Upon inspection of the dataframe and the above plot, we would not be able to do an analysis from 2000 to 2018, since a majority of the nations within the above dataframe are missing data for the years 2000 to 2004. An analysis would be possible for any year following 2007.

In [None]:
 # Conduct a preliminary normality check via histogram plots

for i in range(11):

    plt.figure(figsize=(10,5))
    
    plt.hist(wwbi_EU_fem[wwbi_EU_fem.columns[i + 8]], alpha = 0.5, label = wwbi_EU_fem.columns[i + 8])
    plt.title("Female share of private sector - {year}".format(year = wwbi_EU_fem.columns[i + 8]))
    

  

Some of these appear to be vaguely normally distributed. To be more certain, we will conduct the normal and Shapiro-Wilks tests for each year. 

In [None]:
# Conduct normality tests for the years 2007 - 2017


for i in range(11):

    print("Normal Test: ", stats.normaltest(wwbi_EU_fem[wwbi_EU_fem.columns[i + 8]]))
    print("Shapiro-Wilks Test: ", stats.shapiro(wwbi_EU_fem[wwbi_EU_fem.columns[i + 8]]))

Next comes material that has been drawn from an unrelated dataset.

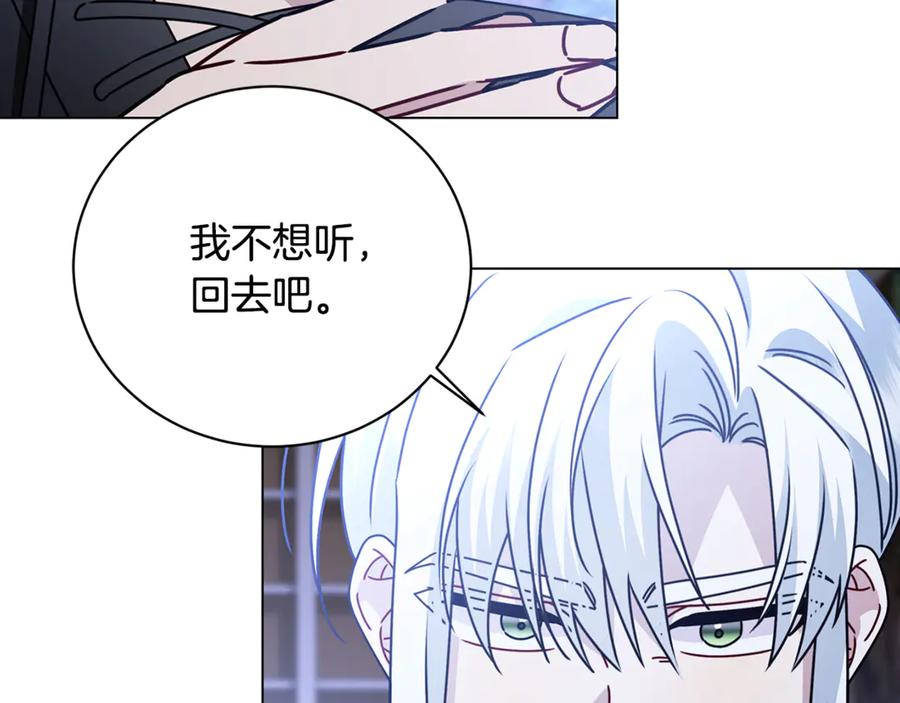 《破茧皇后》第124话 埋没的人才 第109页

Hm, it seems that when conducting tests for the years 2007 to 2011, we are unable to obtain a test statistic. This most likely stems from the small sample size for each of those years in the dataset. Thus, for further analysis, we will only consider the years 2012 to 2017.

In [None]:
# Print Shapiro-Wilks and Normal test result statements for the years 2012 - 2017

for i in range(6):

    print("Normal Test {}: ".format(wwbi_EU_fem.columns[i + 13]), stats.normaltest(wwbi_EU_fem[wwbi_EU_fem.columns[i + 13]]))
    print("Shapiro-Wilks Test {}: ".format(wwbi_EU_fem.columns[i + 13]), stats.shapiro(wwbi_EU_fem[wwbi_EU_fem.columns[i + 13]]))

In [None]:
# Check the distributions for kurtosis and skewnes

for i in range(6):

    print("{}: ".format(wwbi_EU_fem.columns[i + 13]),stats.describe(wwbi_EU_fem[wwbi_EU_fem.columns[i + 13]]))

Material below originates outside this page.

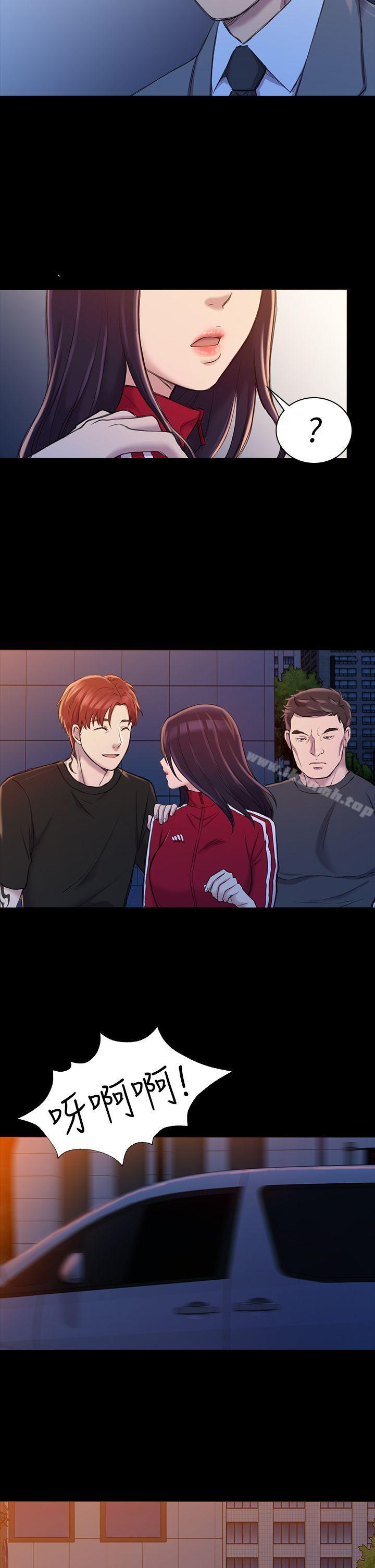 初恋陷阱第21话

Since every p-value for the years 2012 to 2017 is greater than 0.05, we can interpret the test results as stating that it is very likely these were sampled from a normal distribution, one with skewness and kurtosis in the range (-1, 1). We can thus proceed with a parametric test method. In particular, as we have multiple groups that are normally distributed, we will conduct an ANOVA test

In [None]:
# Conduct an ANOVA parametric test

print(stats.f_oneway(wwbi_EU_fem['2012'], wwbi_EU_fem['2013'], wwbi_EU_fem['2014'], wwbi_EU_fem['2015'], wwbi_EU_fem['2016'], wwbi_EU_fem['2017']))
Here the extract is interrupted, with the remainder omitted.